Both ropers come from long lines of competitors, with Hampton’s grandfather Ray Miller competing in the finals of the Cowboy’s Turtle Association, the precursor to the PRCA. They both work full time; Williams as a rodeo coach at Lassens Community College alongside wife Suzanne and Hampton in the family business of farm labor contracting.
They also ride horses they’ve bred, raised and trained themselves, with Williams’ mare “Fifty,” registered as Ima Cashin N Chips, sired by family ranch stallion Only Boy Named Sue. Hampton’s 9-year-old barrel-bred gelding Breaknthebankfrenchie (Frenchmans Guy x Easter Lena Award) is bred and owned by wife Stacy.

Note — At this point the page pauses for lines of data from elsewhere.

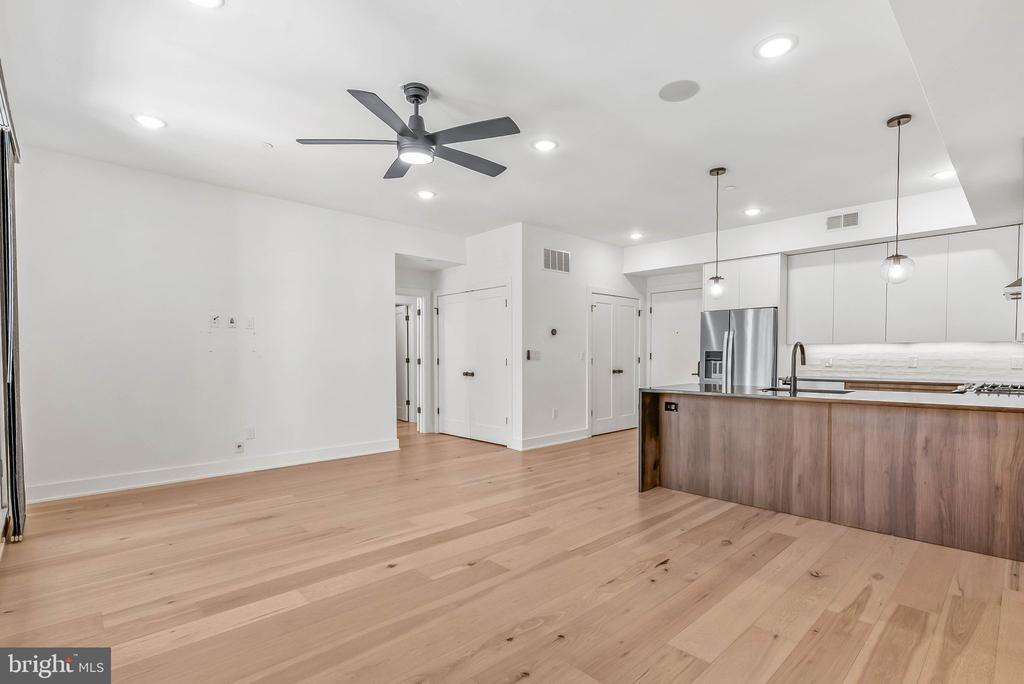 1723 FRANCIS STREET Unit: 3E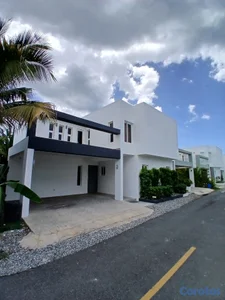 VILLA AMUEBLADA EN  METRO COUNTRY CLUB Precio US$ 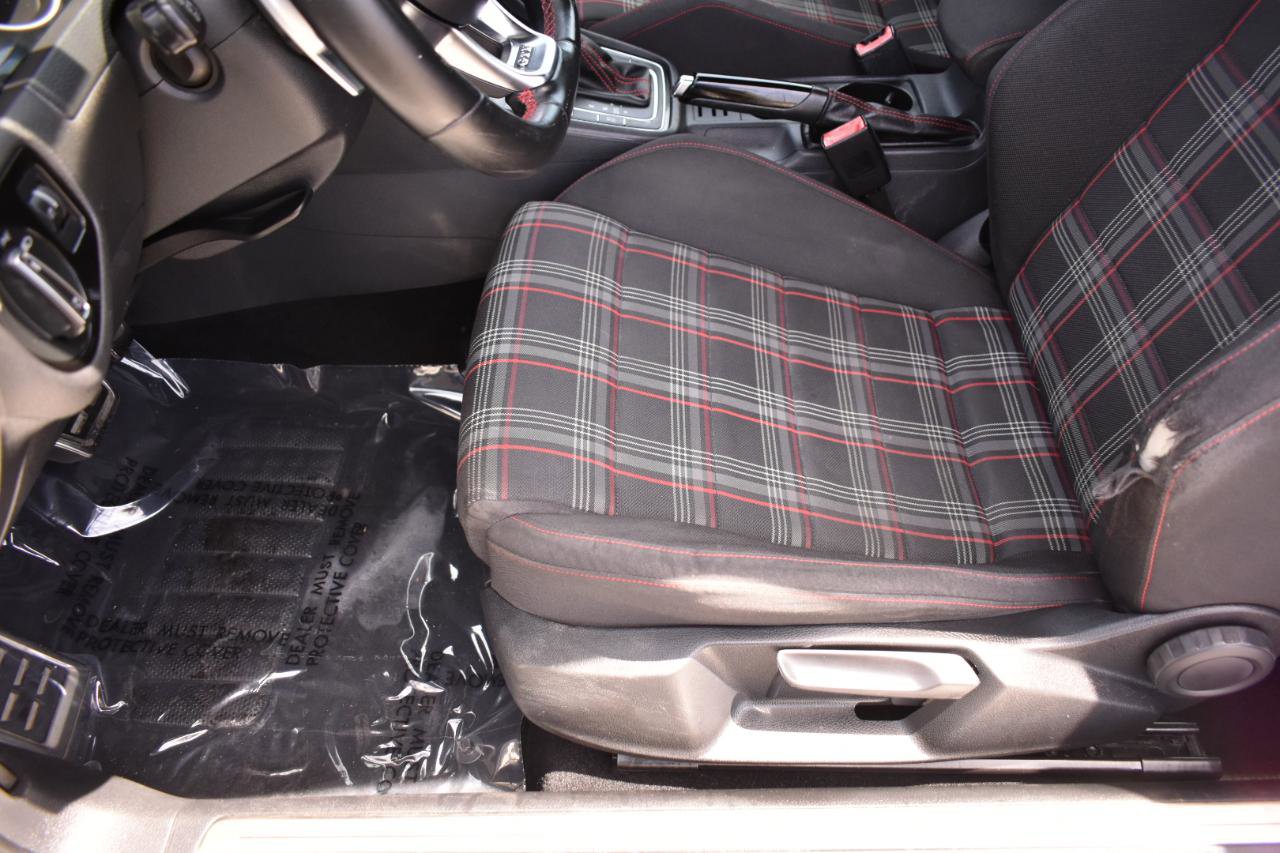 Used 2015 Volkswagen GTI S FWD image 22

The pair have penciled in the mid-July NFR Open together, where Hampton plans to borrow a horse so he doesn’t miss his favorite rodeo in Salinas, California, that’s happening the week following the NFR Open.
The NFR Open is the National Championship of the circuit system, where the aggregate and year-end champions in each of the 13 circuits are extended an invitation. Joining Williams and Hampton are California Circuit Year-End Champions Cody Snow and Wesley Thorp, who finished 13th and 14th in the PRCA World Standings in 2022, respectively.